Time to showcase the cooking. Shirttails flapping, Pete snuck in to focus the camera on one chef at a time. Gib kept up a patter, standing near the front edge of the patio and talking to the audience about technique—sear one side first, then turn the meat, and for heaven’s sake, don’t keep flipping the darn thing. Then he discussed various cuts of meat and how they grilled, and weighed in on the perennial debate—gas or charcoal.
I studied the chefs, expertise in action. No wasted effort, no extra movements. They knew what they needed next and where it was, focused on the precise-yet-creative demands of making quality food every time. The kitchen waltz, although without the exacting choreography demanded by a full staff in the heat of service.

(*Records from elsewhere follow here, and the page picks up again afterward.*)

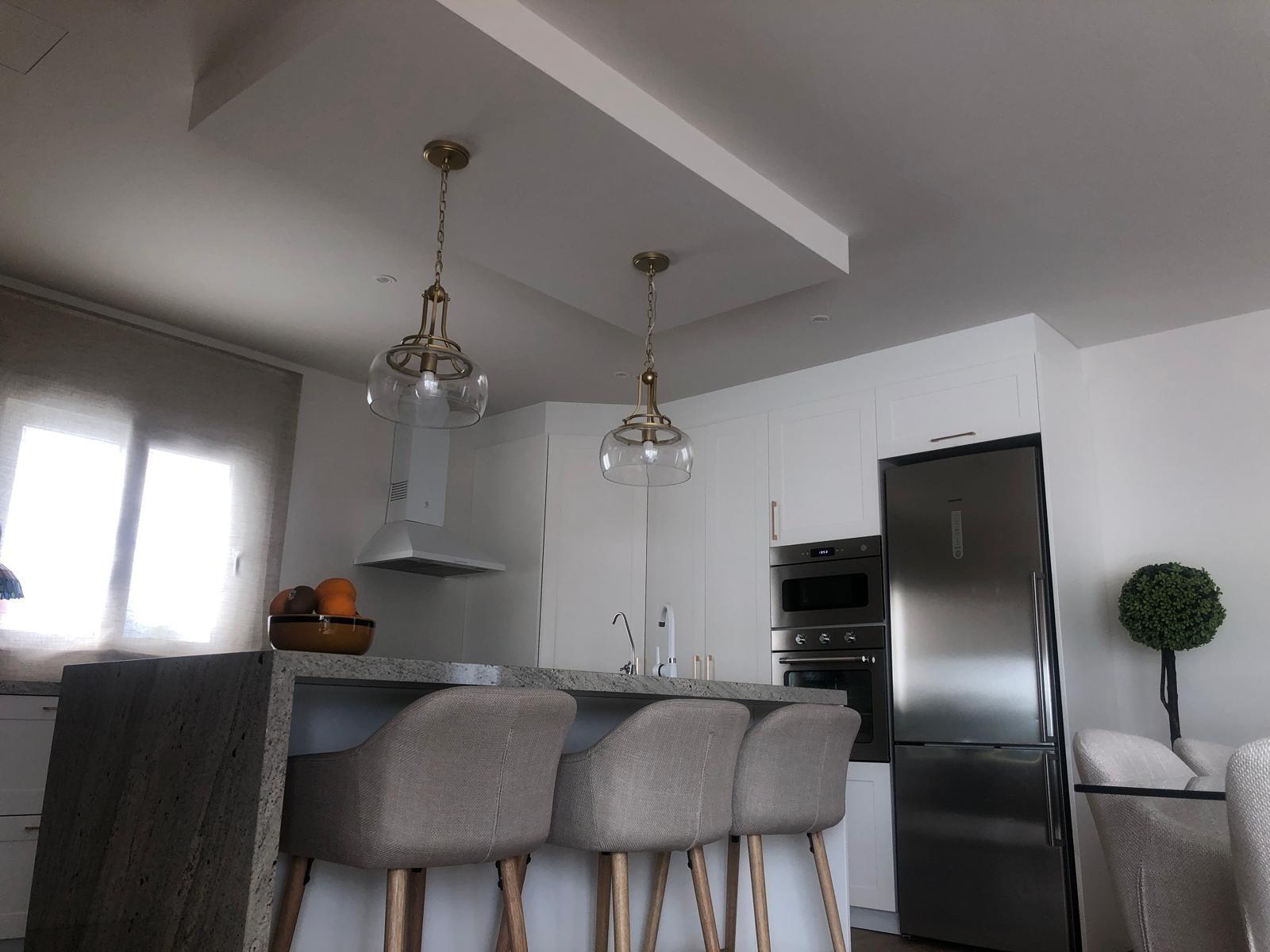Villa de obra nueva en Aspe con piscina privada y parcela de 587 m² — 3 dorm.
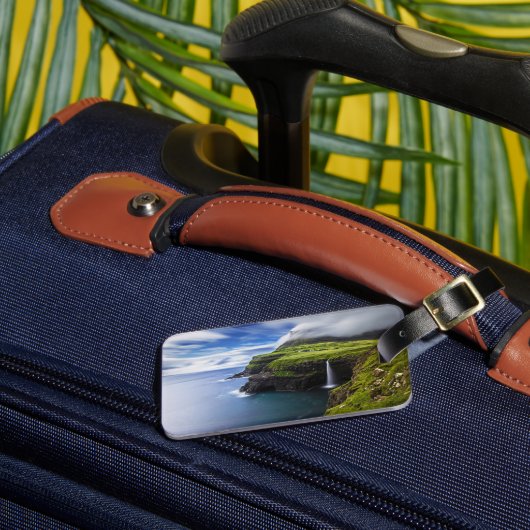 滝 |フェロー諸島，デンマーク ラゲッジタグ (正面インサイチュ3)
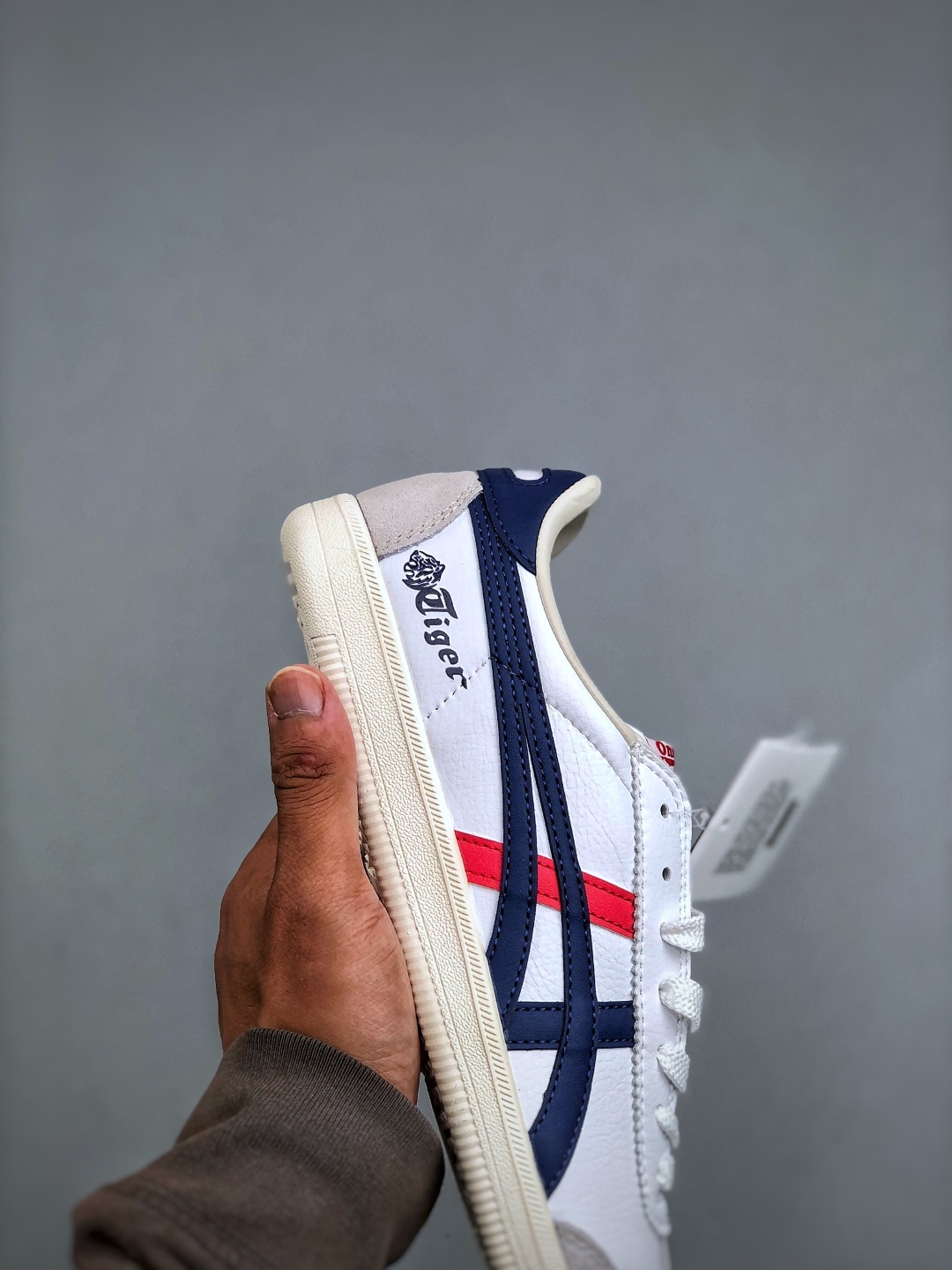 オニツカタイガー「Onitsuka Tiger」Tokuten ― ローカット レトロ ランニングスニーカー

Kyle, the ex–Army chef, was clearly the most organized, ingredients premeasured in prep bowls laid out on his mise-en-place like toy soldiers waiting for their orders. Amber took a more free-form approach—a handful of this, a pinch of that. She sniffed, cocked her head to consider, added more herbs, drizzled in wine, spooned out a satisfying taste.
Drew had the strongest presence, the fullest command. Those few square feet were all he needed to dazzle us and our palates.